--- Excerpted records Enclosed Below ---
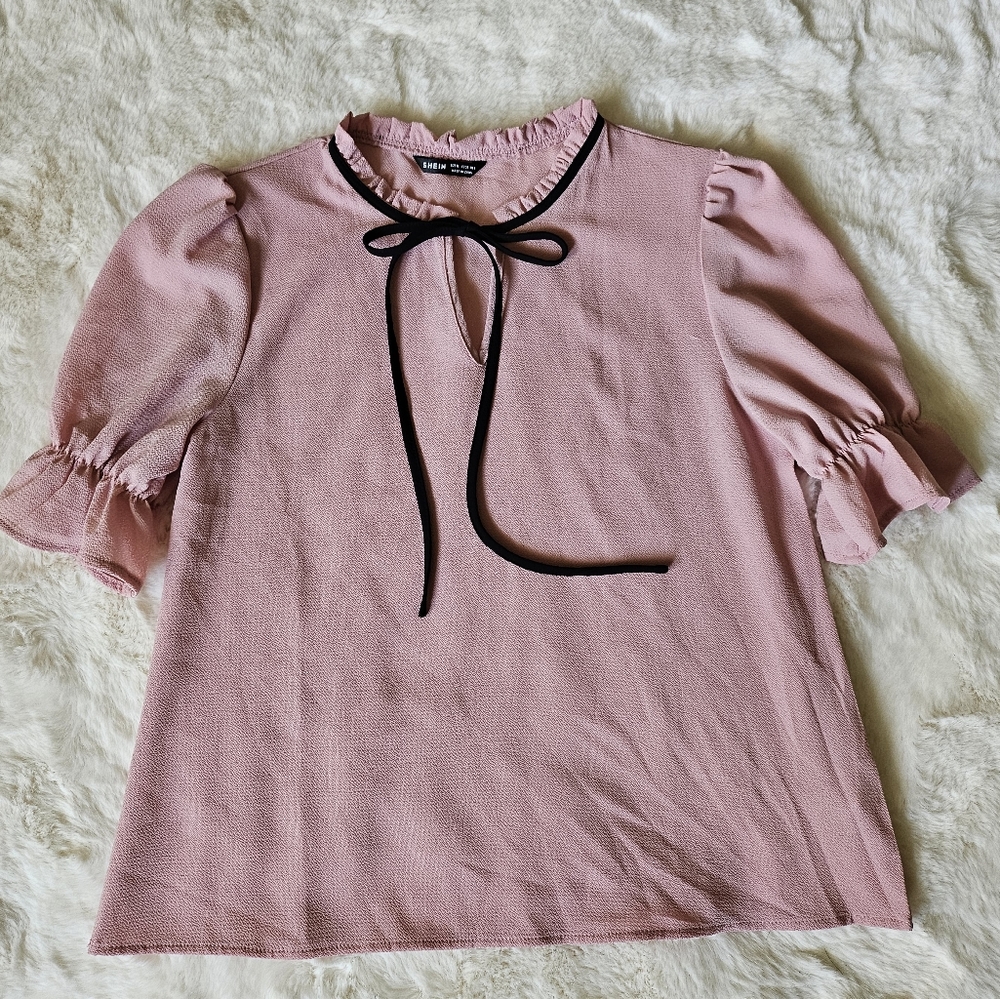 Pink Puff Sleeve Blouse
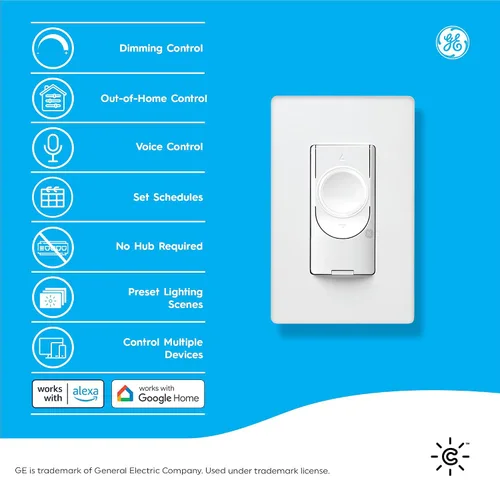 Vista 2 de GE Smart C - Interruptor de luz residencial iluminado sin contacto de 2 amperios, multiubicación, blanco, compatible con Wi-Fi, con pared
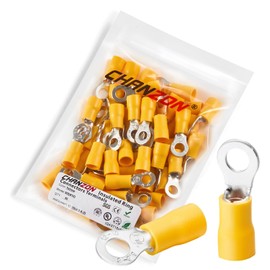 Chanzon Yellow Ring Terminals - #10 M5 - UL Listed Insulated PVC Eyelet Wire Connector 12-10AWG Gauge Electrical Crimp Connector for Boat Truck Stereo Car(50pcs)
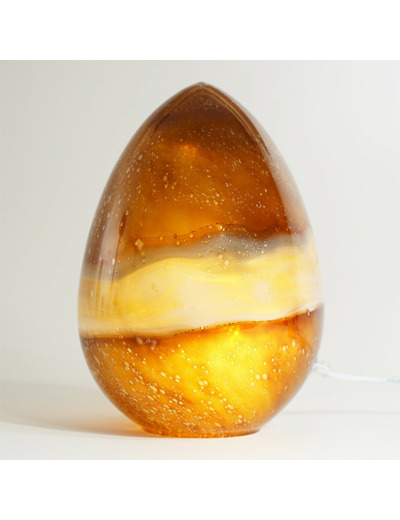 Lampe oeuf ambre verre 21x21x30cm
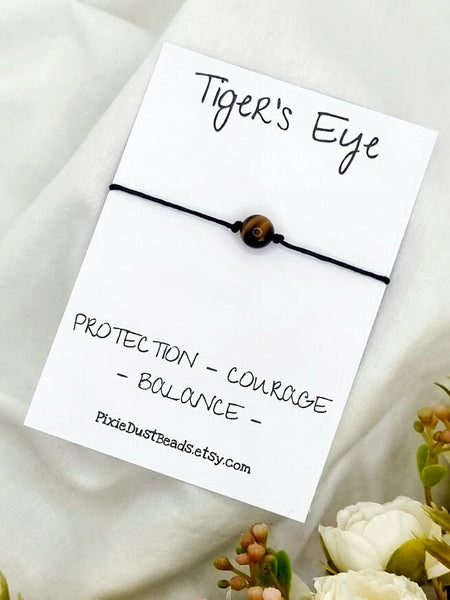 Tiger's Eye Wish Bracelet Gemstone bracelet Tiger's Eye jewelry Tiger Eye crystal Bracelet Meditation Bracelet spiritual bracelet chakra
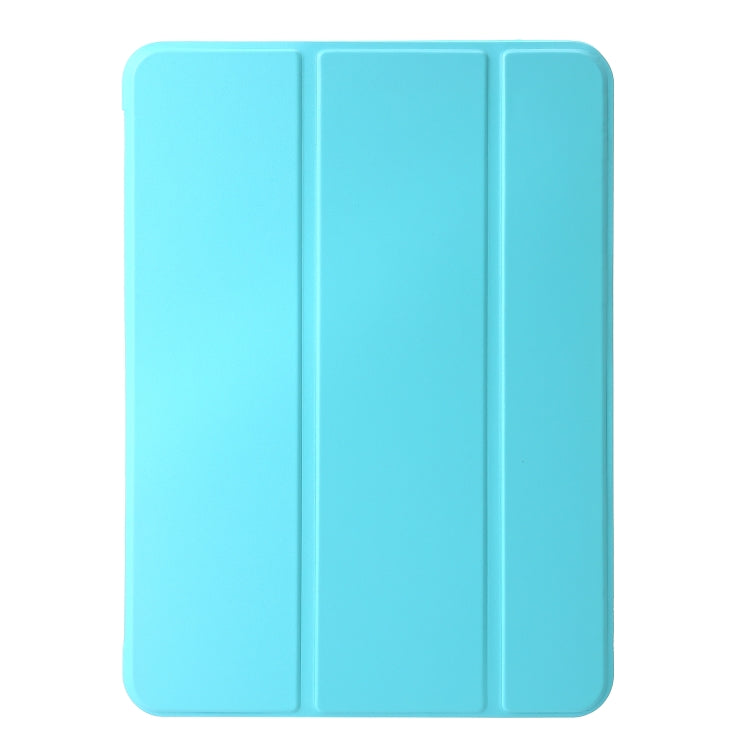 For iPad Air 13 2024 Three-fold Holder Flip Tablet Leather Case(Mint Blue) - iPad Air 13 2024 Cases by buy2fix | Online Shopping UK | buy2fix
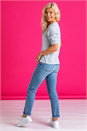 Blue Ribbed Shirred Cuff Top, Image 2 of 5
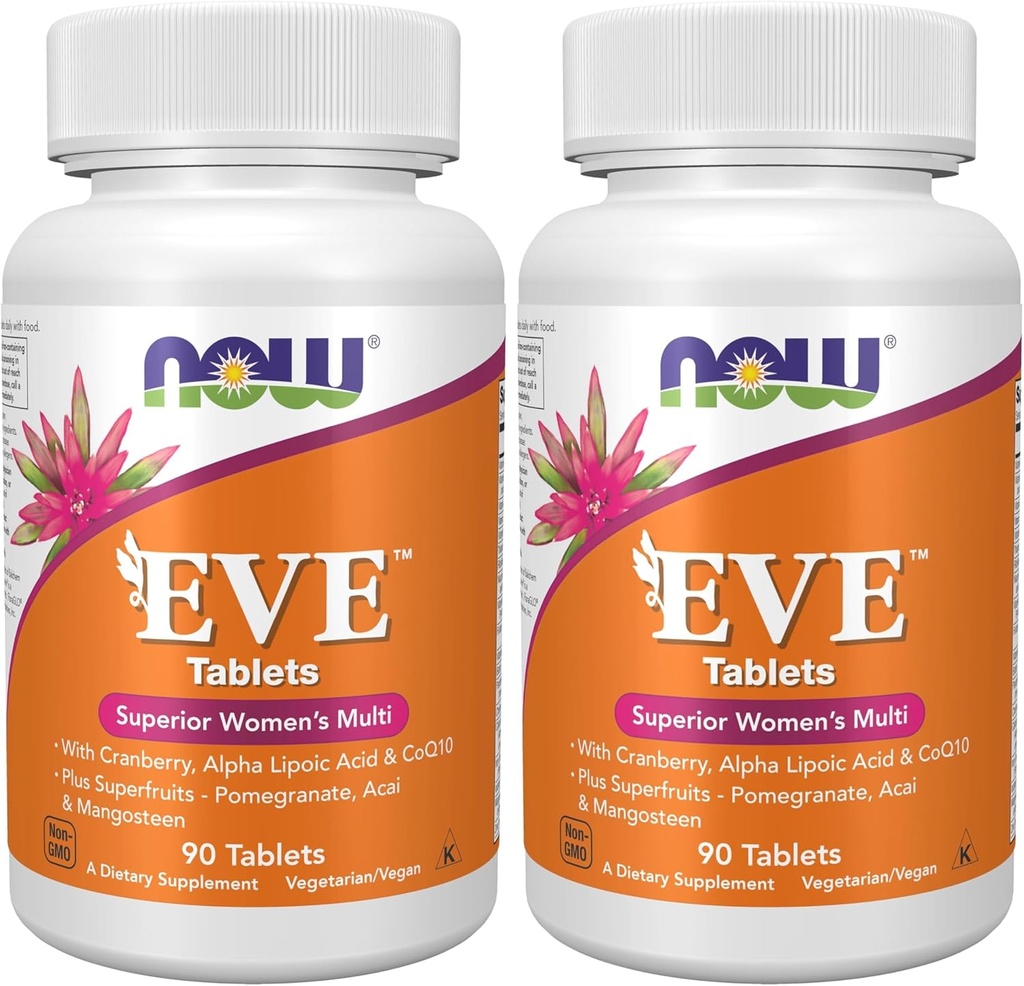 Now Supplements, Eve ™ Women 's Multivitamin with Cranberry, Alpha Lipoic Acid and CoQ10, Plus Superfruit - Pomegranat, Acai & Mangosteen, 90 tabletter (pakke med 2)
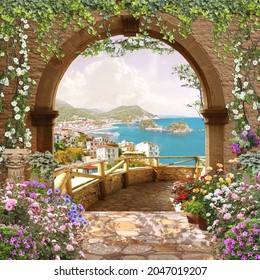 View through the arch with flowers to the sea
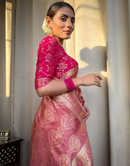 Tisha Pestal Pink Soft Banarasi Saree With Attached Blouse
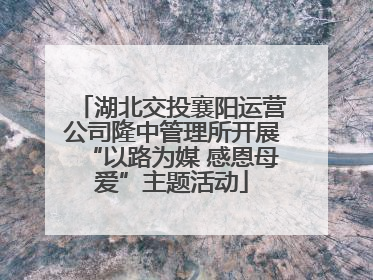 湖北交投襄阳运营公司隆中管理所开展“以路为媒 感恩母爱”主题活动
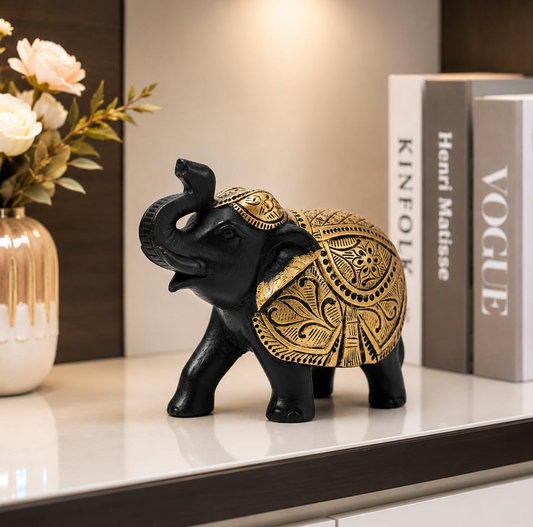 Premium Elephant Statue for Good Luck, Vastu & Home Decor Gift Items for Decoration (Black & Golden) & Animal Decorative Showpiece Figurines | Lucky Elephant Statue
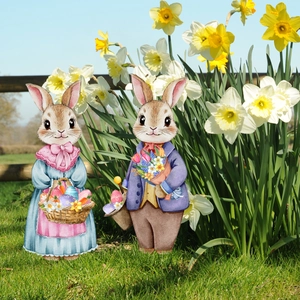 Easter Rabbit Bunny Couple Garden Stakes PVC Waterproof Outdoor Yard Art Spring Pastoral Decorative Signs Lawn Ornament
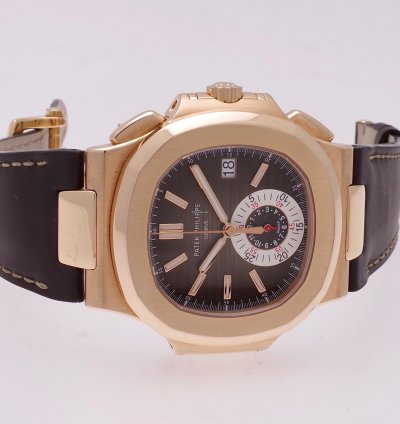 Patek Philippe Nautilus 5980r-001 Chronograph Date Rose Gold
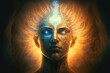 © Align - understanding the spiritual power of human head with bright light generative ai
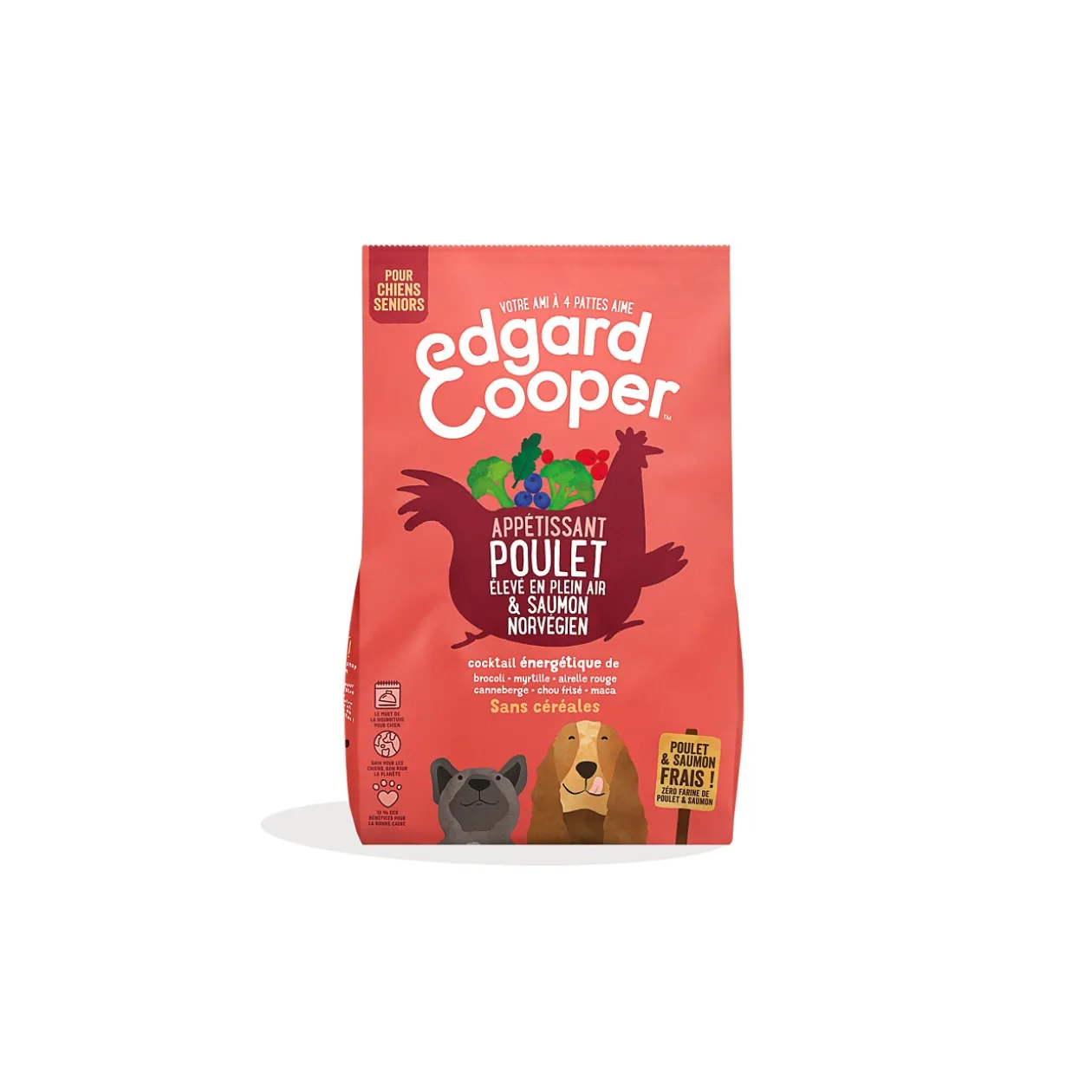 Edgard & Cooper Croquettes Appétissant Poulet élevé en plein air Adulte & Saumon norvégien Chien Senior 2,5 kg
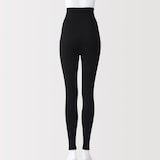 婦人　ストレッチリブ編み　腹巻つきレギンス（十分丈／マタニティ）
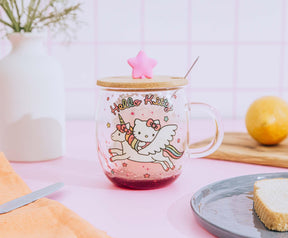 Sanrio Hello Kitty Glass Mug With Star-Topper Lid and Spoon | Holds 17 Ounces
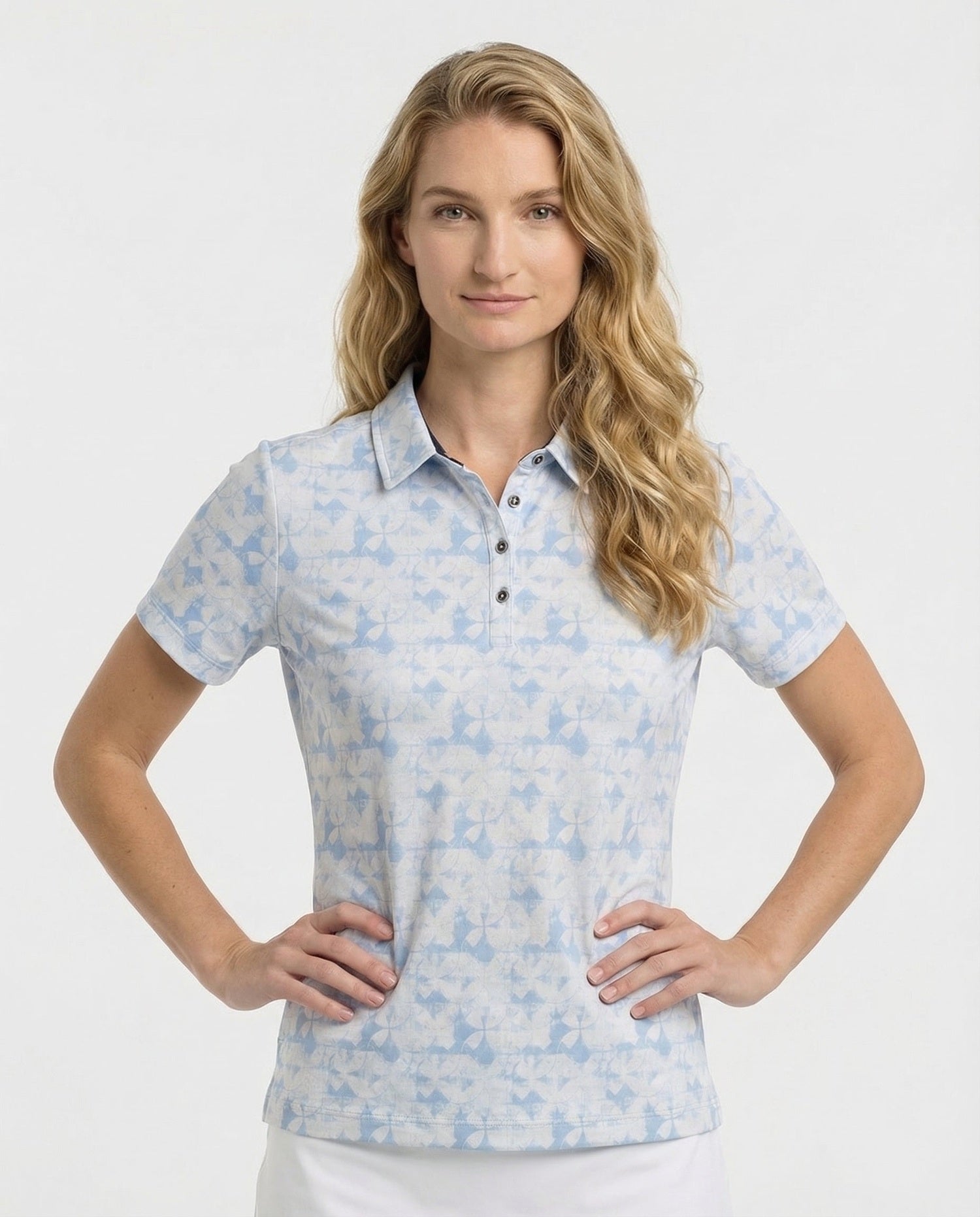 Nancy - Womens 4 Button Abstract Polo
--- End of Enclosed Excerpted records ---
• _Exercise objective_: Leave out the pictures, and extract exactly the lines from the one with "Patek Philippe Nautilus" through the end of the records, both ends included.

• _Response area_:
 Patek Philippe Nautilus 5980r-001 Chronograph Date Rose Gold
 © Align - understanding the spiritual power of human head with bright light generative ai
 Edgard & Cooper Croquettes Appétissant Poulet élevé en plein air Adulte & Saumon norvégien Chien Senior 2,5 kg
 婦人　ストレッチリブ編み　腹巻つきレギンス（十分丈／マタニティ）
 Sanrio Hello Kitty Glass Mug With Star-Topper Lid and Spoon | Holds 17 Ounces
 Nancy - Womens 4 Button Abstract Polo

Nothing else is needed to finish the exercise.